In a press conference lawyer in the case André Seebregts said that the four plaintiffs were present at “massacres” in Cairo in summer 2013, “where hundreds of unarmed protesters were killed by police and military”.
The protests concerned include the clashes at the Republican Guards Headquarters on 8 July, the Naser Road Clashes on 27 July, and the dispersal of the Rabaa Al-Adaweya sit-in on 14 August. According to a report by Human Rights Watch, the minimum death tolls for these incidents come in at 61, 95 and 817, respectively.
One of the plaintiffs was hit by a bullet in these clashes, Seebregts said. He expects to be able to gather enough evidence to prove crimes against humanity, citing the Human Rights Watch report, based on a large number of sources and eyewitness accounts, that also holds Ibrahim responsible for the killings.

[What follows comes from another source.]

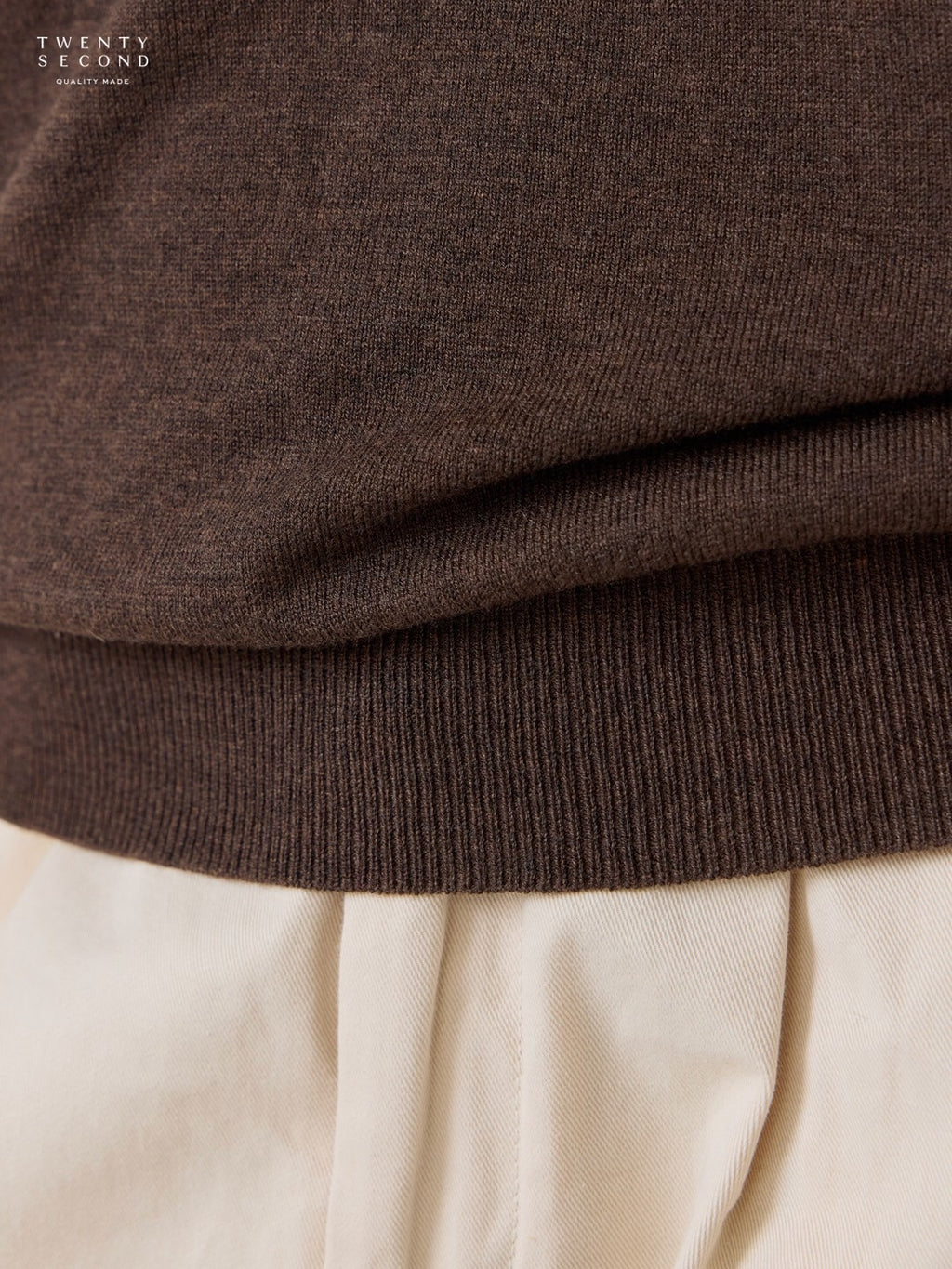 THEO WOOL KNIT POLO - BROWN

He further said that they plan to file a suits against other Egyptian officials, including former president Adly Mansour and former prime minister Hazem El-Beblawi . The only reason for not including current President Abdel Fattah Al-Sisi, defence minister at the time of the incidents, is because Dutch law prohibits the filing of a case against an acting president, Seebregts added.
In a statement on Saturday, Seebregts explained that a conviction of Ibrahim for crimes against humanity would mean that the minister would not be able to travel to countries with which the Netherlands has an extradition treaty – including, among others, the United States, the European Union, Russia and Turkey – without risking to be arrested and referred to the Netherlands for prosecution.

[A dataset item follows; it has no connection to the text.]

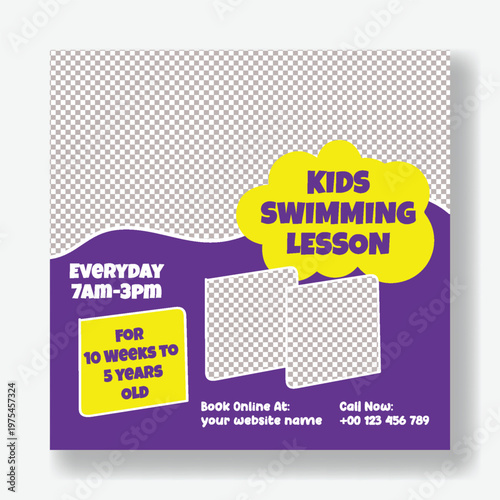 Summer Kids Swimming Lessons Social Media Post, Square Flyer or Poster Template Design, Pool Party Fun, Promotional Advertisements Promo Banner, Kids Activities Marketing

Seebregts did not enclose the names or other information about the plaintiffs out of fear they could be arrested when travelling to Egypt. “At the moment, there appears to be no rule of law [in Egypt],” he said, referring to the mass death sentence of over 600 supporters of the ousted president Mohamed Morsi, without meeting the “most basic requirements for a fair trial” in Minya, Upper Egypt, in April.
On 8 September, Dutch journalist Rena Netjes filed a case in the Netherlands against the Egyptian journalist Sahar Ramzy over defamation. Netherlands-based Ramzy had written an article about Netjes, who is convicted in Egypt in absentia over charges of aiding terrorists and spreading false news in the case against the Al Jazeera journalists, accusing her of supporting terrorism and having extremist beliefs. Ramzy called on Egyptian authorities to take “appropriate measures against this shameless act that aims to tarnish Egypt”.
In another article in the Egyptian newspaper Al-Youm Al-Sabaa, the Netherlands-based Egyptian businessman Sameh Sourial had accused Netjes of telling “all lies” about Egypt and pledged to file a memo against her to the Dutch Ministry of Foreign Affairs.
Netjes said in a reaction that articles as these are ways to intimidate her to stop reporting on Egypt.